The top-performing system for the LA scenario, T05, achieved a t-DCF of 0.0069 and EER of 0.22%. The top-performing system for the PA scenario, T28, achieved a t-DCF of 0.0096 and EER of 0.39%. Monotonic increases in the tDCF that are not always mirrored by monotonic increases in the EER show the importance of considering the performance of the ASV and CM systems in tandem.

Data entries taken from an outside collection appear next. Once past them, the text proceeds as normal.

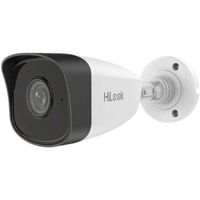 Камера наблюдения HiLook IPC-B120H IP Camera (Bullet 2Mpx 2.8mm)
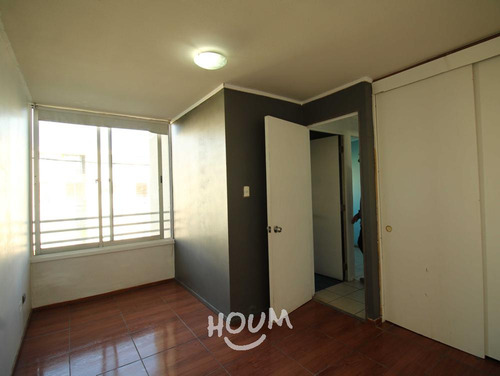 Departamento Almirante Riveros Id: 150146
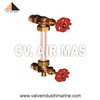 mats  ; brass long  ; 0-200/300/400/500 - 1000 -2000mm 1/2 - 3/4 - 1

### Approaches used by different teams-

#### Ensemble technique
https://arxiv.org/pdf/1904.04589.pdf

They train five deep models using raw audio or time frequency representations as input to minimise a binary crossentropy (CE) loss with an Adam optimiser and early stopping with a patience of P epochs. As the dataset has more spoofed examples, they replicate the bonafide examples to ensure each batch contains an equal number of bonafide and spoofed examples, which helps stabilise the training. At inference time, they use the output layer sigmoid activation as a score. They have provided model-specific training details below-

#### CNN
They use an utterance-level mean-variance normalized log spectrogram3 , computed using a 1024-point FFT with a hop size of 160 samples, as the input. For each task, we train two such CNN models, model A and B, on the first and last 4 seconds of each audio sample

#### CRNN
As input, they use a mean-variance (computed on train tr set) normalized log-Mel spectrogram of 40 Mel bands, computed on the first 5 seconds of truncated or looped audio samples, using a 1024-point FFT with a hop size of 256 samples. 

#### IDCNN
In total, the model consists of 9 ReSE-2 blocks [22]. These blocks are a combination of ResNets [23] and SENets [24]. They use the multi-level feature aggregation, where the outputs of the last three blocks are concatenated and followed by a fully connected layer of 1024 units, batch normalization and ReLU layers, a 50% dropout layer and a fully connected layer of 1 unit with sigmoid activation. Each convolutional layer has filters of size 3, L2 weight regularizer of 0.0005 and all strides are of unit value. The raw audio input is 3.7 seconds in duration and randomly sampled segments of this size are selected from the recordings. 

#### Wave U-Net
They use a modified version of the Wave-U-Net [25], with five layers of stride four, and without upsampling blocks (model E). The outputs of the last convolution are max-pooled across time, reducing the parameter count and incorporating the intuition that the important features in the tasks are temporally local. Finally, they apply a fully connected layer with a single output to yield a classification probability. They train the model using a batch size of 64, a learning rate of 10−5 and early stopping patience of P = 10 for both the LA and PA tasks, where an epoch is defined as 500 update steps

#### Gaussian Mixture models
They train three GMM models using 60-dimensional static, delta and acceleration (SDA) mel frequency cepstral coefficients (MFCCs) (model F), inverted mel frequency cepstral coefficients (IMFCCs)(model G), and sub-band centroid magnitude coefficients (SCMC) (model H), due to their performance on the ASVspoof 2015 and 2017 spoofing datasets

#### Support Vector Machines
They train two SVMs using i-vectors (model I) and the longterm-average-spectrum (LTAS) feature (model J) since they have shown good performance on prior spoofing datasets.


#### RESULTS-

This team achieve good performance on the PA and 3rd ranking on the LA tasks of the challenge. The PA task seems generally more difficult and should thus be the primary focus of future work.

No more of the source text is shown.